路地裏の子供たち
しかし、そんな生活にもついに終わりが訪れた。
ある時、ケイはチャンに呼び出され、一人で人気のない路地へやってきた。「君にしか話せない。とても大事な話がある」と言われていたのだ。しかしいくら待てどもそのチャンはやって来なかった。代わりにやってきたのは、何の面識もない男たちだった。
男は三人いた。その中には、まだ未成年の朴が含まれていた。リーダー格の男は、朴に「あの小僧の言う通りだな。後で金を払っておけ」と言った。
その瞬間、ケイはすべてを覚った。チャンは、金に困っているという話をよく口にしていた。そして同時に、以前黙って姿を消したリサのことも思い出した。
「リサ、まさか……」
頭を冷たい氷の塊で殴られたような気分だった。彼女も、自分と同じようにチャンに騙され、どこかへ連れていかれてしまったのだろうか。だとしたら、彼女は今、どこでどんな目に遭っているのだろうか。
「これがお前の初仕事だ。こんな細っこいの、ちょっと捻ればすぐだろ」
リーダー格の男が朴にそう言った。ケイは、自分の腹の底から怒りが込み上げてくるのを感じた。どこに連れて行かれるのかは大体予想がついた。一般的な社会から零れ、倫理観や道徳観に無関心な大人が掃いて捨てるほどいるこの島で、その噂を耳にしない方が珍しい。
人間が売られている。そんなことはとっくの昔から知っていた。産まれた時から思い知らされてきた。それを、当たり前のことだと受け入れるよう努めていた。自分は特別な存在ではない。どこまでもありふれた存在であると信じてきた。しかし、まさか二度も自分が商品として扱われることになるとは思っていなかったのだ。
自然と涙がこぼれた。随分と久しぶりの涙だった。あの日の夜、みんなで自分の過去を打ち明けあった。チャンは、ケイの過去を知っていたはずだ。知っていながら、二度も仄暗い現実をケイの目の前に差し出した。

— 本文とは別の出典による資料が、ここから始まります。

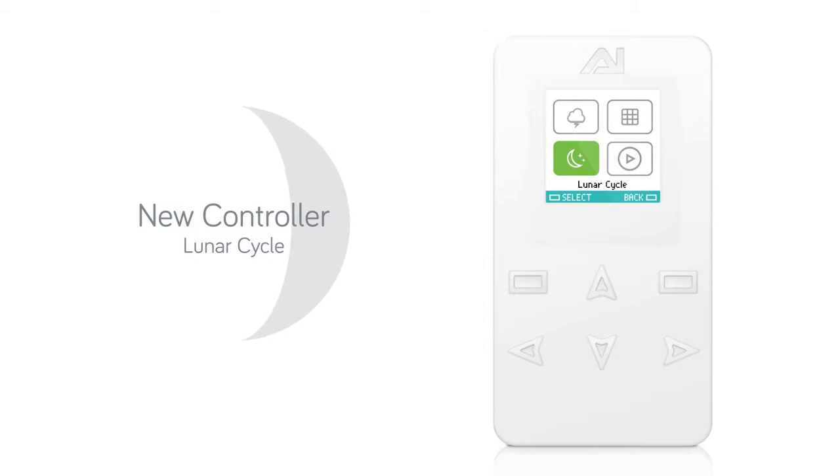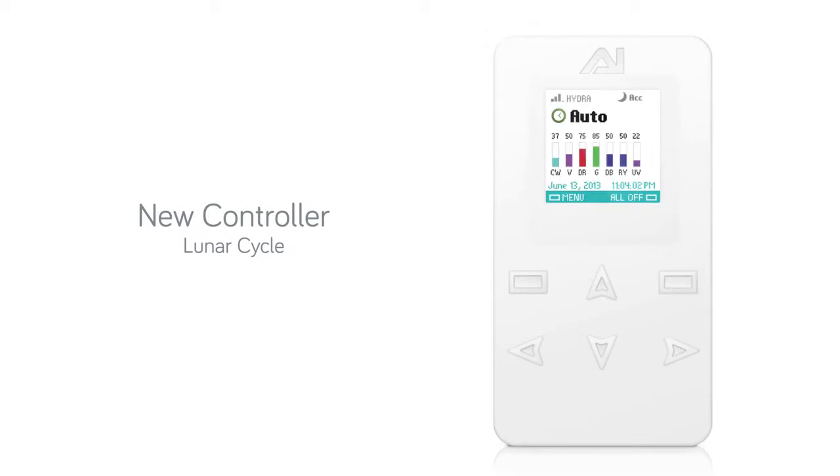This function will decrease the intensity of your lights based on the current cycle of the moon. To work properly, your date and time need to be correct, and your nighttime light intensity should be set for what you want a full moon to look like. The home screen will display when the lunar cycle is active.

朴がこちらへ近づいてきた。その目には明らかに迷いの色が透けて見えた。ケイは朴に背中を向けて、一目散に走った。前方は行き止まりになっていることもわかっていたが、構わず走った。
ありったけの力を振り絞って、目の前の壁に飛びついた。壁のわずかなひび割れにつま先を引っ掛け、思い切り力を込めて自分の体を押し上げた。背後で男たちが何か言っていたが、そんなことは全く耳に入ってこなかった。
視界がぐらりと傾き、目の前にぼやけた夜空が広がったかと思うと、どすんという音と共に地面に転がった。
うまく受け身を取れなかったせいで強かに背中を打ち付け、体がじんじんと痛んだ。どうやら背中を打ちつけたらしい。うまく呼吸ができない。壁の向こうでは男たちの声がしている。するとすぐに、壁の上から朴が身を乗り出した。朴はケイを見つけると、恨めしそうな目で睨んだ。だがすぐに、朴の体は何者かによって引きずり降ろされるかのように壁の向こう側に落ちていった。
そこから先の記憶はない。ただ、微かにジュナの声が聞こえた気がした。
それからケイは廃病院に行くのをやめ、つるんでいた仲間たちとも縁を切ることに決めた。だが唯一繋がったままの縁もあった。当時からビスカッチャでアルバイトをしていた、ジュナとの縁だ。
チャンはあの日から行方がわからなくなってしまったようだった。ケイがメンバーに彼がどこに行ってしまったのか尋ねても、誰もが揃って目を泳がせるばかりだった。中には質問に答えたメンバーもいたが、ケイが期待するような言葉は何一つ返ってこないどころか、妙な噂が流されていた。
「チャンが仲間を売るわけないだろ。きっと、彼も何かに巻き込まれたに違いない」
「ケイ、そういうお前が一番怪しいぞ。大体、チャンに売られたんならどうしてここにいるんだ?」
「チャンが言ってたぞ。最近お前とジュナの動きが怪しいってな」
「そういえばあんた、リサと仲良くしてたよね。随分とわざとらしそうにさ……」
自分の知らないところでいつの間にか卑怯者にされていた。何がどうなっているのかまるでわからなかった。
今度こそ行き場をなくしたケイは、ジュナの紹介でマーティンたちの元へ迎え入れられることになった。つるんでいた仲間とは縁を切った。そして気が付けば『調査事務所』の一員として、いつしか自分を陥れたチャンの情報を集めるようになっていった。
しかし情報は一向に手に入らず、時間だけが容赦なく過ぎ去っていった。まるでチャンなどという人物は最初からいなかったかのように思われた。